»»

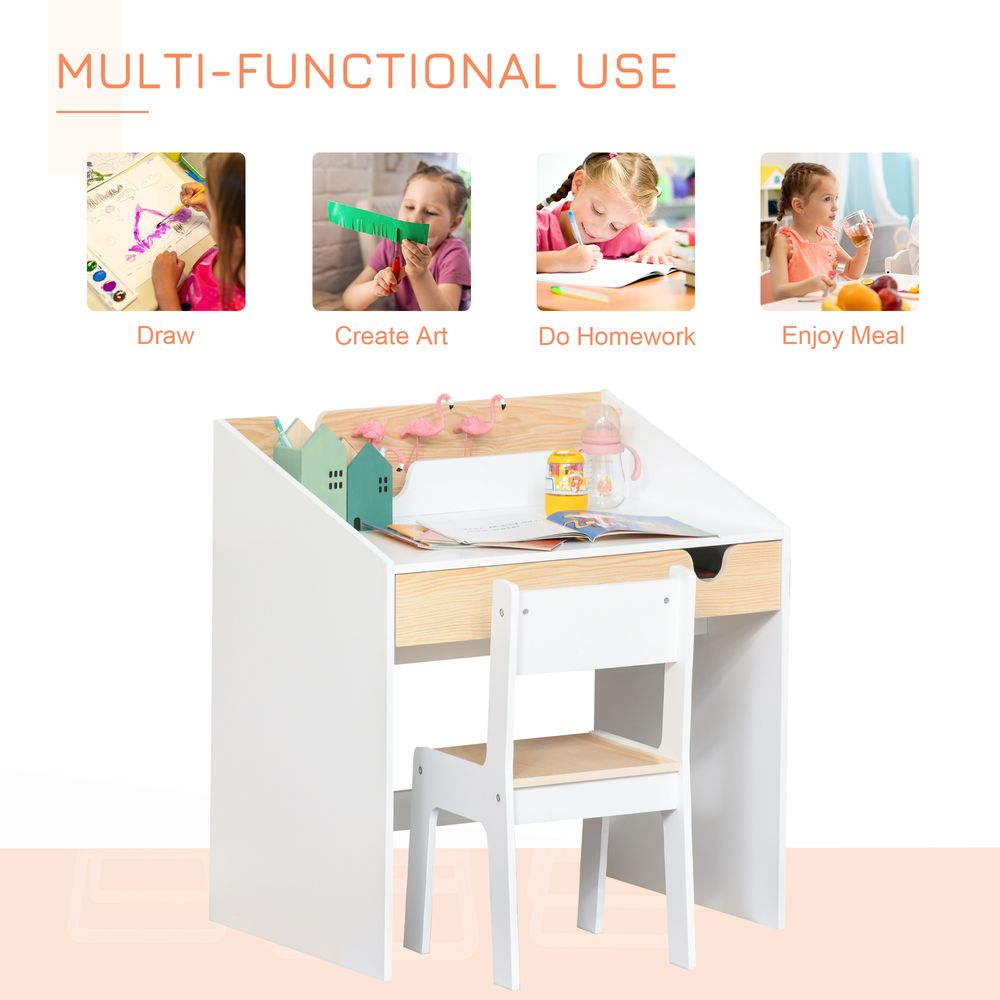 S0671078826 - Children's Wooden Desk and Chair Set with Storage - Coa Living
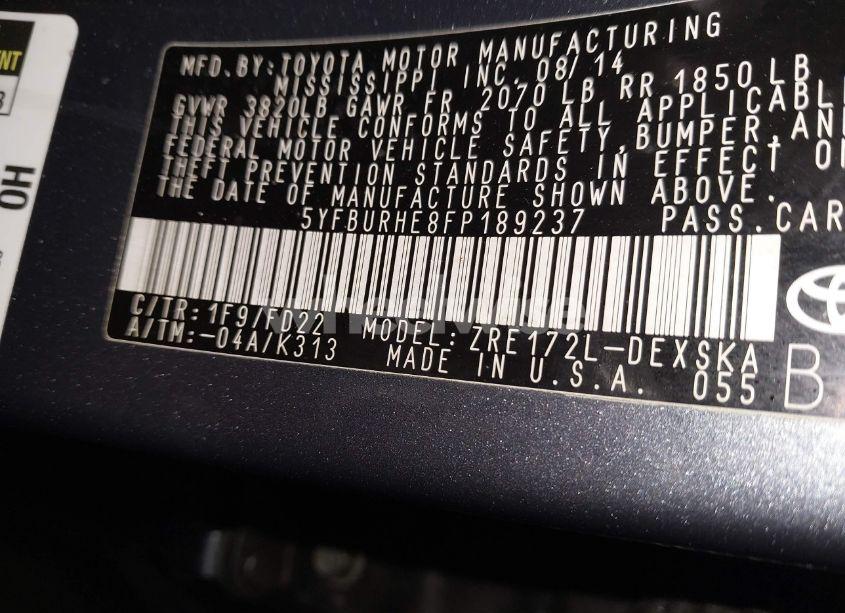 Photo 9 of 2015 Toyota Corolla S PLUS (VIN 5YFBURHE8FP189237)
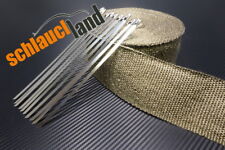 Produktbild - 10m Titan Hitzeschutzband 75mm 1400°C  + 10 Kabelbinder *** Heat Wrap cable tie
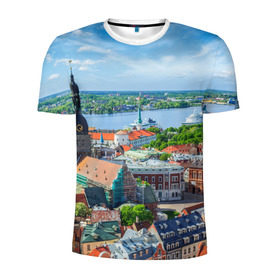 Мужская футболка 3D спортивная с принтом Рига в Белгороде, 100% полиэстер с улучшенными характеристиками | приталенный силуэт, круглая горловина, широкие плечи, сужается к линии бедра | Тематика изображения на принте: latvia | riga | европа | евросоюз | ес | латвия | отпуск | путешествия | рига | туризм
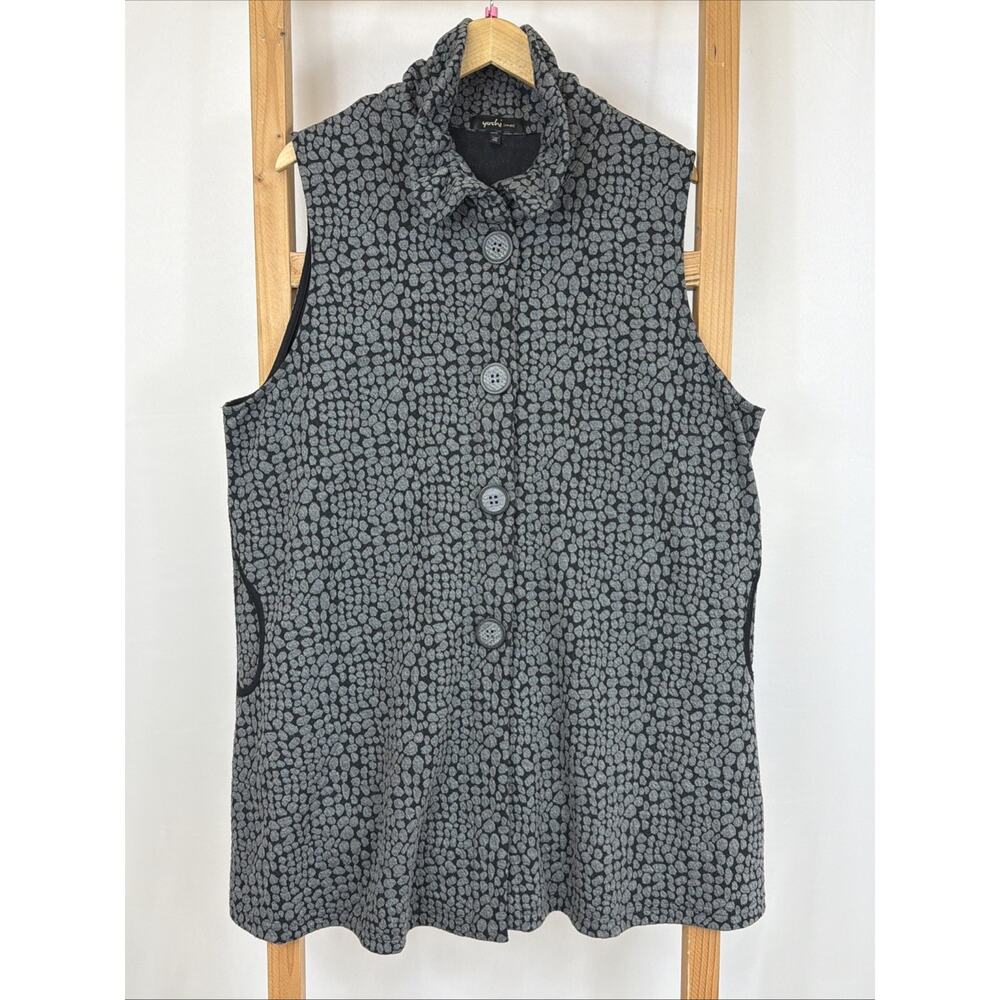 Yushi Wired Collar Vest XXL Made in USA — 4-Button, Front Pockets, Back Pleat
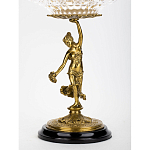 Чаша стеклянная прозрачная на бронзовой подставке с фигуркой девушки Eden Garden варинант исполнения - 2 | Loft Concept в Омске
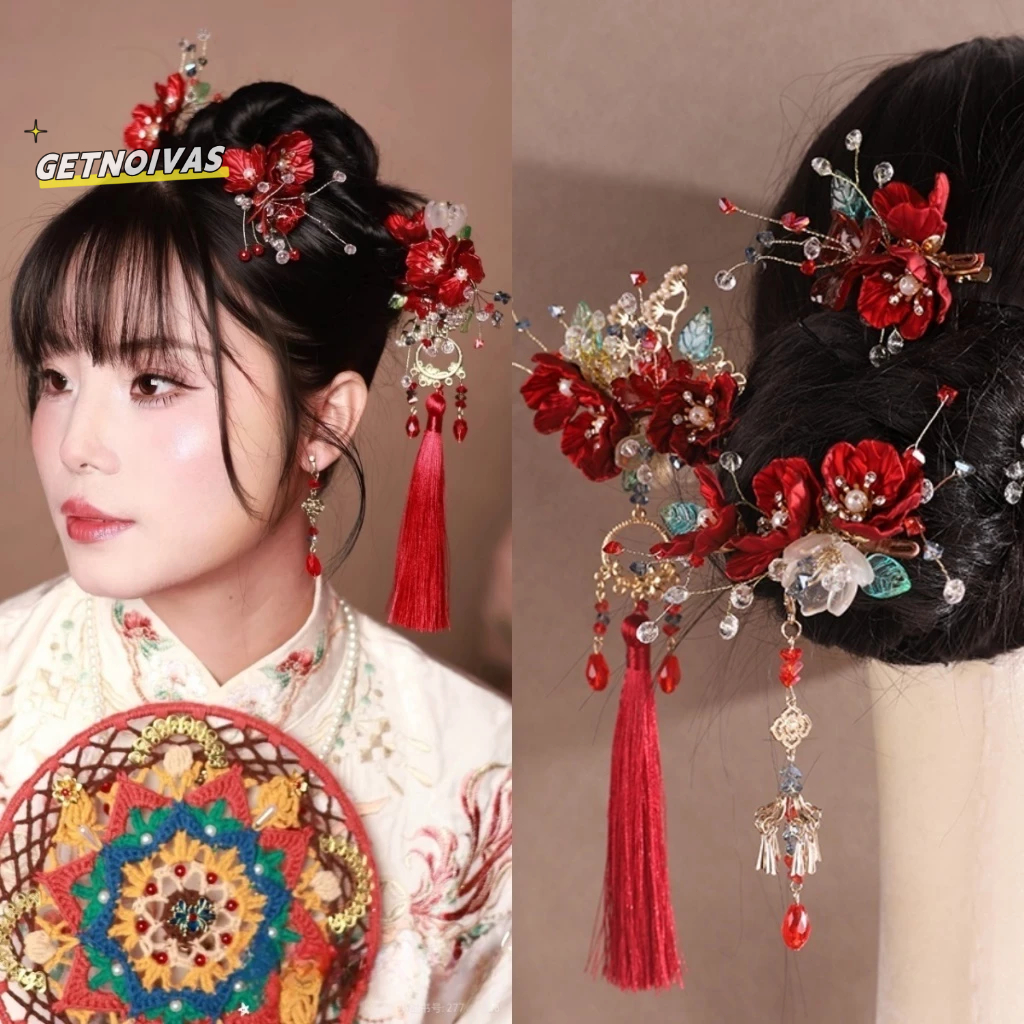 Jual Set Aksesoris Rambut Pengantin Gaya Hanfu Neo - Cina Merah | Bunga ...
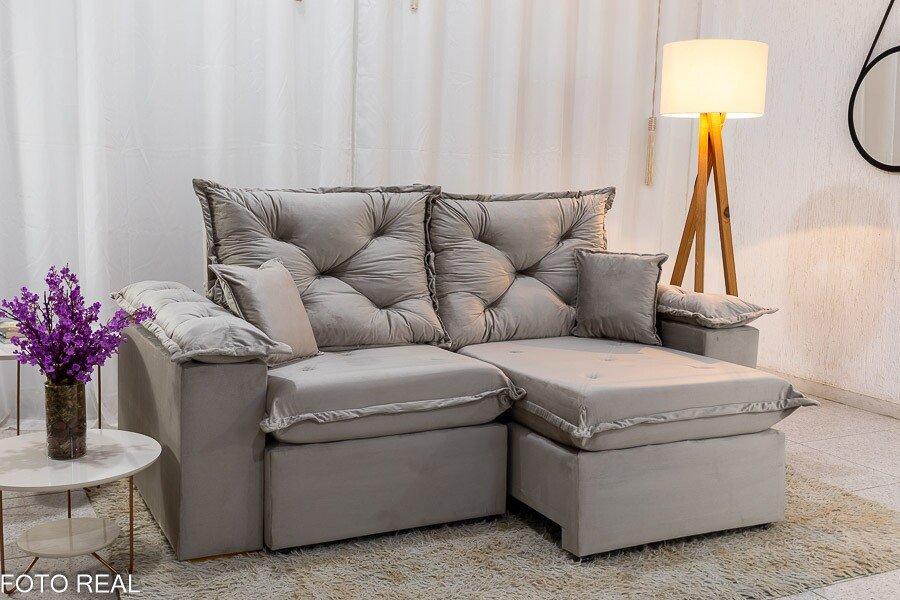 Sofá Retrátil Reclinável Porto Madri 2.00m Veludo Bege - D28 Pró Aditivada - Imagem 3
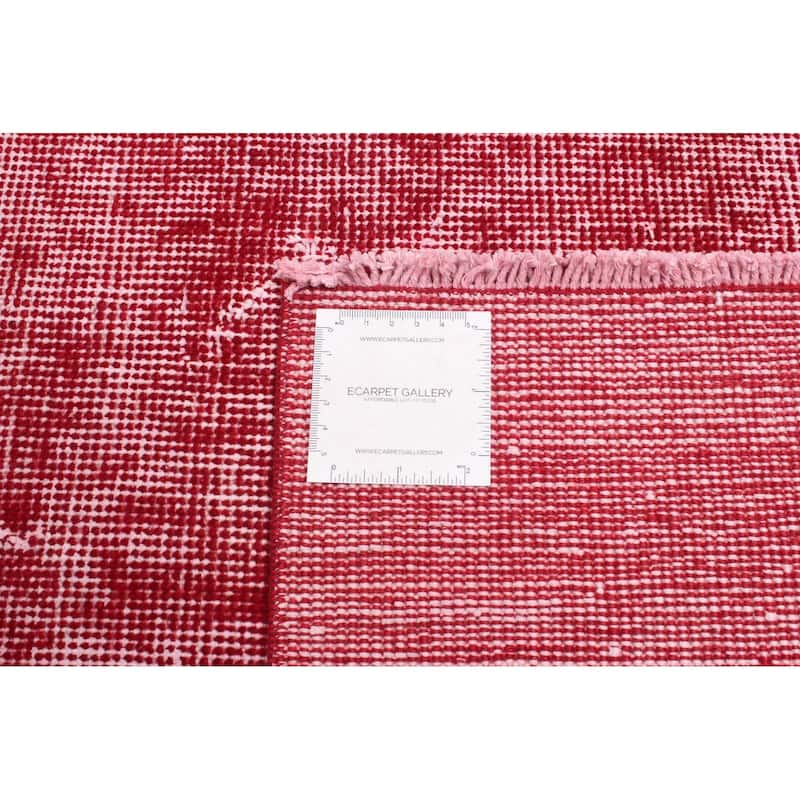 ECARPETGALLERY Hand-knotted Melis Vintage Dark Red Wool Rug - 6'9 x 10'6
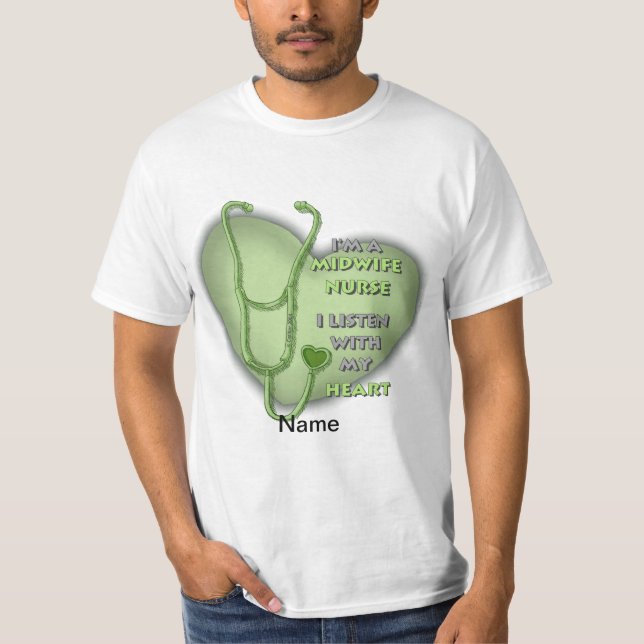 Green Heart Midwife Nurse T-Shirt (Front)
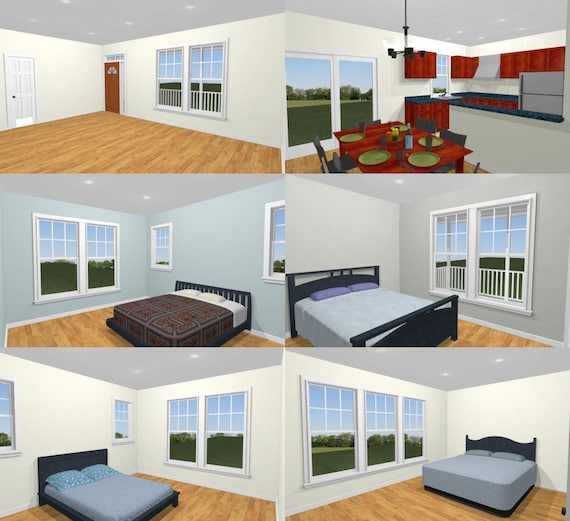 60x30 House 4 Bedroom 3 Bath 1 800 Sq Ft Pdf Floor Plan Instant Download Model 2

««

■ **Problem statement**
Transcribe the material above in full. No picture is to be copied.

■ **Result for this task**
 S0671078826 - Children's Wooden Desk and Chair Set with Storage - Coa Living
 Photo 9 of 2015 Toyota Corolla S PLUS (VIN 5YFBURHE8FP189237)
 Produktbild - 10m Titan Hitzeschutzband 75mm 1400°C  + 10 Kabelbinder *** Heat Wrap cable tie
 Мужская футболка 3D спортивная с принтом Рига в Белгороде, 100% полиэстер с улучшенными характеристиками | приталенный силуэт, круглая горловина, широкие плечи, сужается к линии бедра | Тематика изображения на принте: latvia | riga | европа | евросоюз | ес | латвия | отпуск | путешествия | рига | туризм
 Yushi Wired Collar Vest XXL Made in USA — 4-Button, Front Pockets, Back Pleat
 Чаша стеклянная прозрачная на бронзовой подставке с фигуркой девушки Eden Garden варинант исполнения - 2 | Loft Concept в Омске
 Jual Set Aksesoris Rambut Pengantin Gaya Hanfu Neo - Cina Merah | Bunga ...
 Sofá Retrátil Reclinável Porto Madri 2.00m Veludo Bege - D28 Pró Aditivada - Imagem 3
 ECARPETGALLERY Hand-knotted Melis Vintage Dark Red Wool Rug - 6'9 x 10'6
 Green Heart Midwife Nurse T-Shirt (Front)
 60x30 House 4 Bedroom 3 Bath 1 800 Sq Ft Pdf Floor Plan Instant Download Model 2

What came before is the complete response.